Create one compact `CATALOG.md` at the corpus root:
- One line per file or shard: path, one-sentence description, record
  count, date range covered.
- Keep the whole catalog small enough to sit in a prompt (~1–3k tokens).
- Do not copy content into it. Paths and metadata only.
- The agent's entry prompt should carry the catalog, not the corpus;
  content is fetched on demand with read/grep.

Run `scripts/make_catalog.py <corpus_dir>` for the deterministic parts
(file listing, counts, date ranges); write the one-line descriptions
yourself.

## Step 4: Sharding rule

If you split data into per-entity or per-topic shards, every shard that
contains dated or versioned values must state, in the shard itself,
how to pick the current one (e.g. "latest effective_date wins; ties
broken by recorded_on"). Without this, agents pick stale values —
this was the one statistically significant harm we measured.

## Known failure modes (from run traces)

- Agent given a truncated preload thrashes through tools hunting the
  missing tail — worst of both worlds (27.6× cost at 2×W corpus).
- Weak model emits tool-call JSON as text instead of calling tools;
  catalog becomes unusable.
- Index overhead: on simple lookups, agents read the catalog AND the
  file, paying twice.
- Near-miss entity names: agents skim-match the wrong twin unless an
  exact-ID lookup path exists.

## When NOT to apply this skill

- Corpus comfortably fits in context and queries are simple lookups.
- The consuming model is small or unreliable at multi-step tool use.
- The "corpus" is a single document. Just let the agent read it.
- You cannot maintain the catalog. A stale catalog is worse than none.

## Verify (optional, for high-stakes conversions)
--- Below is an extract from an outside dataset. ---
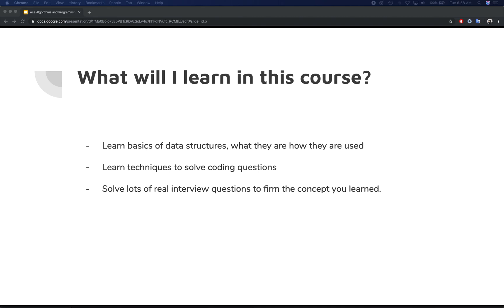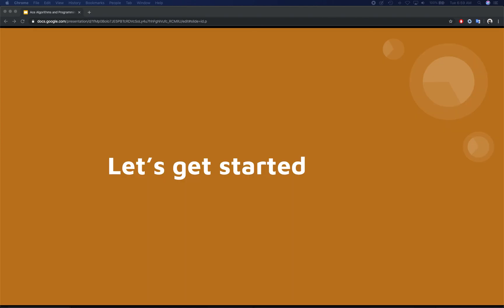Each section is divided by data structure topic — we'll cover the theory first and then focus heavily on problems, because the more practical examples you get, the more prepared you'll be for your interview and job hunt. In the next video, we'll talk more about why algorithms and data structures matter. See you there!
Run the A/B benchmark (portal-preload vs catalog-fetch, 24 paired tasks,
3 difficulty levels, fresh sub-agents) before and after. If the catalog
does not win on tokens at non-inferior accuracy, revert.

## Evidence

13 attested experiments (7 + 6 re-runs), ~600 fresh sub-agent runs,
Fifth Elephant workshop, 2026-07-07. Synthetic corpora 50k–500k tokens
with distractors and version conflicts; single-question tasks;
15-tool-call cap.
- Confirmed (Haiku 4.5, gpt-5.4-mini): catalog+fetch non-inferior on
  accuracy, 2.4×–27.6× cheaper than prompt preload; gap grows with size.
- Conditional (Haiku 4.5): savings appear only above ~100k tokens and
  on aggregation tasks; index HURTS below that (0.36–0.9×).
- Refuted for weak models (gpt-4o-mini: −4 answers; voxtral-24B: floor,
  higher cost).
- Harm (gpt-5.4-mini, p=0.03): shards exposing unresolved version
  conflicts caused wrong answers.

Not tested: real (non-synthetic) corpora, multi-turn tasks, markdown
conversion, semantic IDs, llms.txt, or any other technique from the
research round. This skill claims nothing about them.